Reputation: 1391
Many tutorials for seq2seq encoder-decoder architecture based on LSTM, (for example English-French translation), define the model as follow:
encoder_inputs = Input(shape=(None,))
en_x= Embedding(num_encoder_tokens, embedding_size)(encoder_inputs)
# Encoder lstm
encoder = LSTM(50, return_state=True)
encoder_outputs, state_h, state_c = encoder(en_x)
# We discard `encoder_outputs` and only keep the states.
encoder_states = [state_h, state_c]
# Set up the decoder, using `encoder_states` as initial state.
decoder_inputs = Input(shape=(None,))
# french word embeddings
dex= Embedding(num_decoder_tokens, embedding_size)

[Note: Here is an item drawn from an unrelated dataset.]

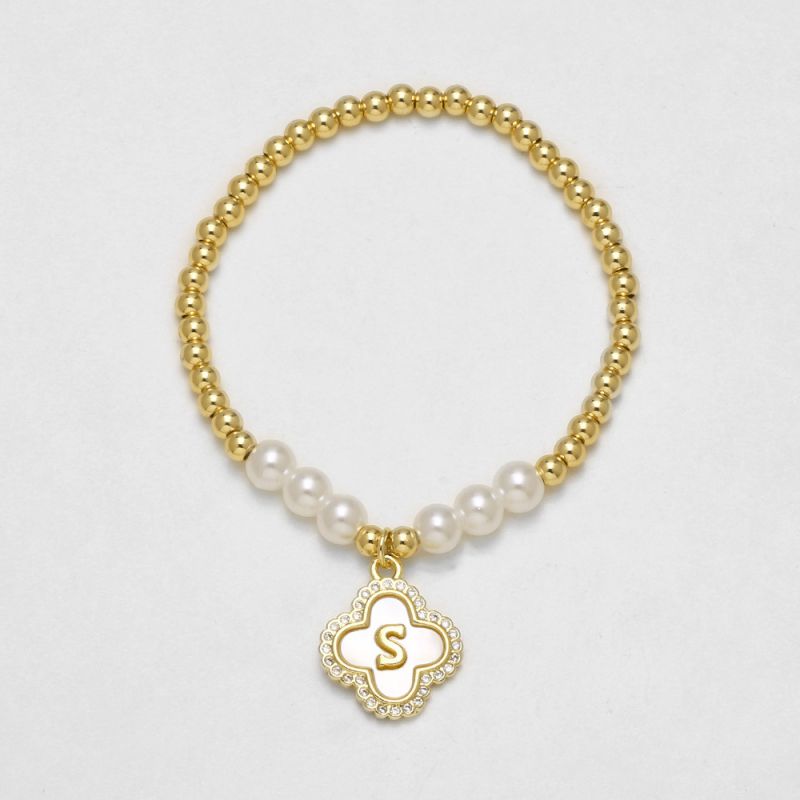 1a Copper Bracelet With Square Diamonds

final_dex= dex(decoder_inputs)
# decoder lstm
decoder_lstm = LSTM(50, return_sequences=True, return_state=True)
decoder_outputs, _, _ = decoder_lstm(final_dex,
initial_state=encoder_states)
decoder_dense = Dense(num_decoder_tokens, activation='softmax')
decoder_outputs = decoder_dense(decoder_outputs)
# While training, model takes eng and french words and outputs #translated french word
fullmodel = Model([encoder_inputs, decoder_inputs], decoder_outputs)
# rmsprop is preferred for nlp tasks
fullmodel.compile(optimizer='rmsprop', loss='categorical_crossentropy', metrics=['acc'])
fullmodel.fit([encoder_input_data, decoder_input_data], decoder_target_data,
batch_size=128,
epochs=100,
validation_split=0.20)
Then for prediction, they define infernce models as follow:
# define the encoder model
encoder_model = Model(encoder_inputs, encoder_states)
encoder_model.summary()
# Redefine the decoder model with decoder will be getting below inputs from encoder while in prediction
decoder_state_input_h = Input(shape=(50,))
decoder_state_input_c = Input(shape=(50,))
decoder_states_inputs = [decoder_state_input_h, decoder_state_input_c]
final_dex2= dex(decoder_inputs)
decoder_outputs2, state_h2, state_c2 = decoder_lstm(final_dex2, initial_state=decoder_states_inputs)
decoder_states2 = [state_h2, state_c2]
decoder_outputs2 = decoder_dense(decoder_outputs2)
# sampling model will take encoder states and decoder_input(seed initially) and output the predictions(french word index) We dont care about decoder_states2
decoder_model = Model(
[decoder_inputs] + decoder_states_inputs,
[decoder_outputs2] + decoder_states2)
Then predict using:
# Reverse-lookup token index to decode sequences back to
# something readable.
reverse_input_char_index = dict(
(i, char) for char, i in input_token_index.items())
reverse_target_char_index = dict(
(i, char) for char, i in target_token_index.items())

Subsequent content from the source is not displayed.